Aunque tiene el estigma de ser un barrio “caliente” en cuestión de inseguridad, “Cortijo” rechazó esa aseveración. “No es un sitio malo, lo que pasa es que antes venían personas de sitios cercanos y se producían problemas”, acotó.
Sobre el nombre existen varias versiones, pero la más cercana es que la avenida principal se llamaba Cuba, pero a principios del 60 le cambiaron el nombre a Domingo Comín, pero la gente le siguió llamando así al barrio.
Según una ordenanza municipal del 22 de noviembre de 1929, se llamó Cuba al tramo desde El Oro al sur, como lo señala el libro Guía Histórica de Guayaquil, de Julio Estrada Ycaza.
Es común ver por las calles a comerciantes informales que llevan sobre sus hombros un palo, en cuyos costados cuelgan su mercancía: patas de cerdo y de res, riñón, corazón y menudencias.
Asimismo, Efraín Alvarado camina con varios cortes de lado sobre su cabeza. “Hace 35 años me gano la vida vendiendo casimires y tengo mi clientela fija”, indicó.
De rostro serio y algo fatigado por el trajín, Alvarado señaló que cada ocho días compra de las importadoras las telas (de 20 a 30 cortes) y los vende por pedido.

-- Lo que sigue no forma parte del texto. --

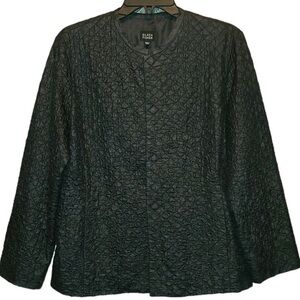 Eileen Fisher Blazer Diamond Textured Silk Black Small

También es común ver carnicerías y frigoríficos. Geovanny Moreira administra uno de estos negocios ubicados en la E y Robles, donde de lunes a viernes, de 05:00 a 16:00, se abastece de todo tipo de carnes para venderla luego a los mercados de la ciudad.
En una casa esquinera está José Armendáriz almorzando para continuar con su trabajo en el camal. “A las 05:00 empezamos a trabajar depostando a las vacas que llegan de otras ciudades, las faenamos y dejamos listas para la distribución”, sostuvo, mientras observa su mandil cubierto de sangre.
Se siente orgulloso de su barrio. “Casi todos somos trabajadores del camal, pero los fines de semana peloteamos o jugamos al 40, ya no es como antes de peligroso”, aseguró.
A una cuadra está uno de los callejones que conduce al matarife. Allí viven los más antiguos moradores como Ángela Reyes Gómez, de 86 años. Sentada en el portal de su casa observa a varios niños que corretean por el lugar.
“A los 8 años vine con mi familia a vivir aquí desde Milagro, no podía caminarse porque el agua y el lodo nos llegaba a la cintura, a veces entrábamos en canoa”, relató la residente de cabello blando y agarrado con un moño.
Ahora, recalcó, se vive mejor, porque no les falta nada, incluso el callejón fue adoquinado hace cinco años y ya puede caminarse tranquilamente. Para ella, incluso, la inseguridad no es problema porque los policías patrullan a cada rato.
Las casas, en su mayoría de construcción mixta y algo despintadas, le dan una imagen pintoresca a este sector que nació entre fábricas y que, como doña Ángela afirmó, es parte del Guayaquil tradicional.